Beschrijvende statistiek
Bij elk onderzoek verkrijgt men een veelheid van waarnemingen waarmee - in de ongeordende vorm waarin zij zijn verzamel en vastgesteld - nog weinig te beginnen i. Het waarnemingsmateriaal moet daarom bewerkt, alvorens het toegankelijk is voor analyse en interpretatie.
Dit is het terrein van de beschrijvende statistiek, die tot taak heeft het waarnemingsmateriaal zodanig te ordenen en te bewerken, dat een samenvattend beeld verkregen wordt.
Binnen de beschrijvende statistiek wordt gewoonlijk een onderscheid gemaakt tussen ordening en reductie.
Het ordenen van de waarnemingsuitkomsten geschiedt vooral door het maken van frequentietabellen en de weergave daarvan in grafieken. Een andere wijze van ordening is het groeperen van de gegevens in samenhang met een tweede kenmerk - zoals ziekteverzuim in relatie tot leeftijd - in een spreidingsdiagram. Tenslotte kan ook het weergeven van het cijfermateriaal in de vorm van historische reeksen of tijdreeksen worden beschouwd als een vorm van ordenen.

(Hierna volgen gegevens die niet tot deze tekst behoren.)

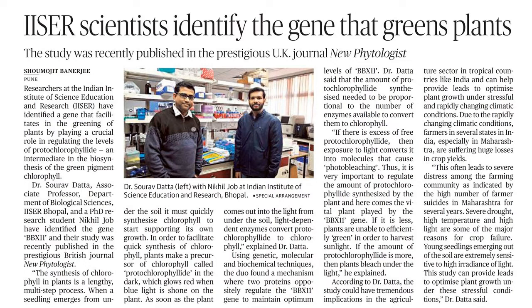Dr. Saurudatta, Associate Professor, Department of Biological Sciences, IISCR Bhopal, and a PhD research student, Nikhil Job, have identified the gene BBX11, and their study was recently published in the prestigious British journal New Phytologist.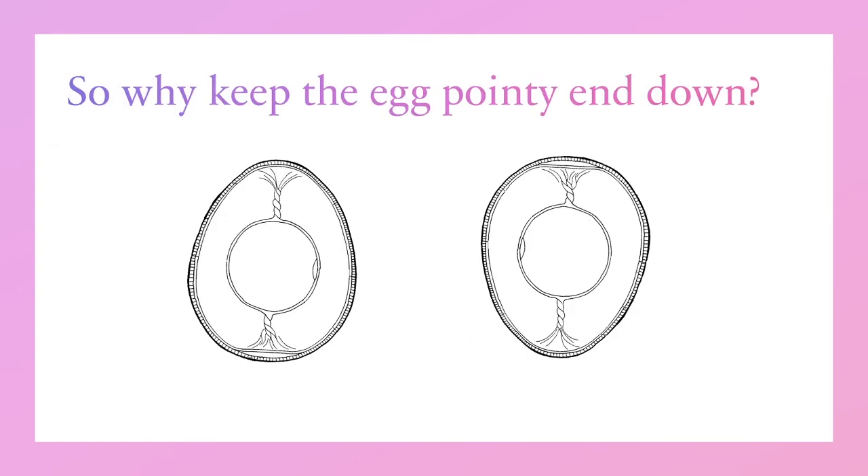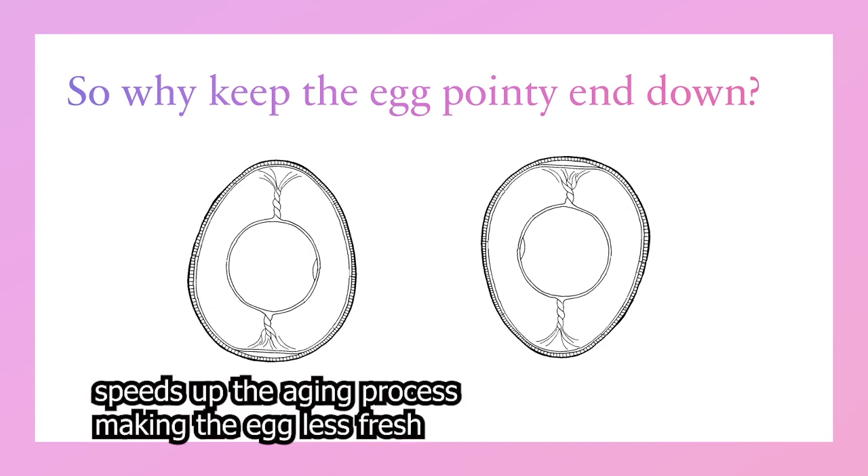So why keep the egg pointy end down? When an egg is stored with the point end up — meaning the air sac is at the bottom — the air sac will slowly rise and move towards the yolk, bringing any air and bacteria with it, because air and bacteria enter through the blunt end into the air sac located there. That will speed up the aging process, making the egg less fresh.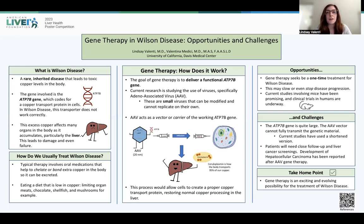So you might be wondering what is gene therapy and how exactly does it work? Well, the goal of gene therapy is to deliver a functional ATP7B gene into individuals who have Wilson disease. Current research is studying the use of viruses, specifically adeno-associated virus. This is a very small virus that can be modified and cannot replicate on its own. These viruses act as vectors, or rather carriers, for the working ATP7B gene. The thought behind this is that folks with Wilson disease could undergo infusions which would deliver this appropriate gene, and this process would therefore allow cells to create a working copper transport protein, therefore restoring normal copper processing in the liver.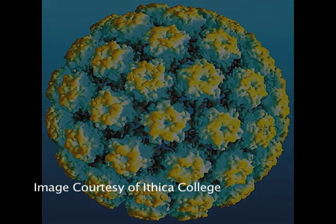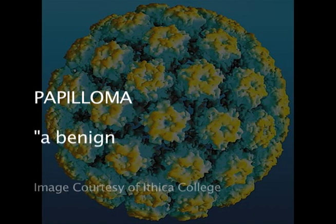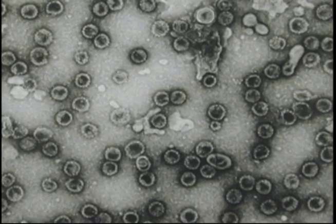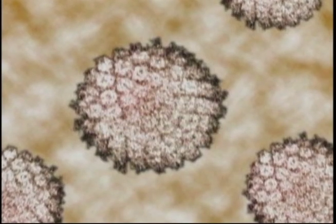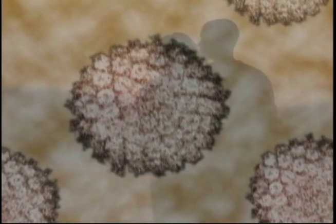For starters, the letters HPV stand for human papillomavirus. The word papilloma means a benign tumor of the skin or mucous membrane. Hence, HPV is a sexually transmitted infection that resides in the skin and spreads by way of skin contact.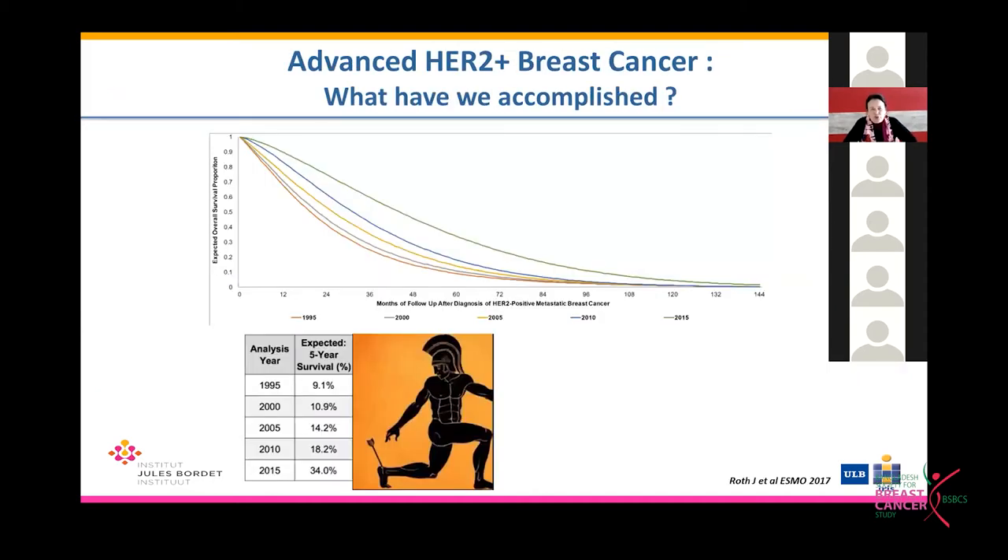Why is it so important not to miss patients with HER2-positive breast cancer, a substantial proportion of whom present with de novo disease? Because this is the breast cancer subtype where we have seen the greatest progress — five-year survival rates went from approximately 10% in 1995 to 34% in 2015. This represents a huge improvement and an obligation not to miss the diagnosis in clinical practice.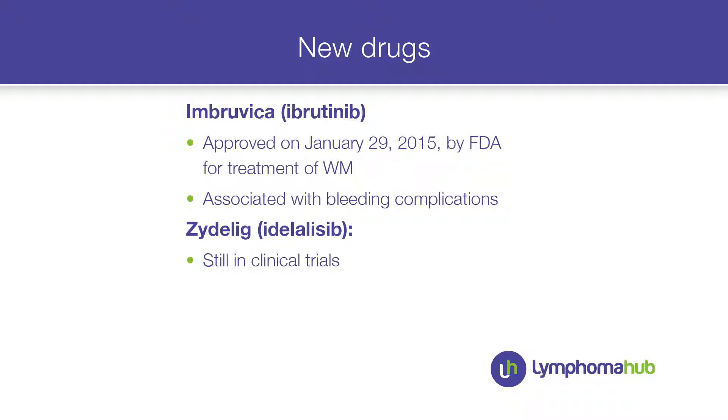Ibrutinib, the BTK inhibitor, is very popular among patients because it is an oral drug, and it is now FDA approved. But there are some complications — for Waldenström patients I'm hesitant about bleeding complications, as this patient already had nose bleeding and thrombocytopenia. Moreover, he had a significant tumor mass. Idelalisib or ibrutinib could be an option, with trials still ongoing.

Onder reductie wordt een verdere samenvatting van het waarnemingsmateriaal verstaan in de vorm van enkele kengetallen die de meest karakteristieke aspecten van de waarnemingsreeks beschrijven. Het meest bekend zijn de centrummaten voor de ligging of het niveau van de waarnemingsuitkomsten en maatstaven voor de spreiding of variabiliteit. Daarnaast bestaan kengetallen of coëfficiënten die de samenhang tussen twee variabelen karakteriseren.
Het samenvatten van cijferreeksen in kengetallen betekent, dat meer dan bij het ordenen in frequentietabellen of grafieken aan de inviduele aspecten van waarnemingsgegevens wordt voorbijgegaan.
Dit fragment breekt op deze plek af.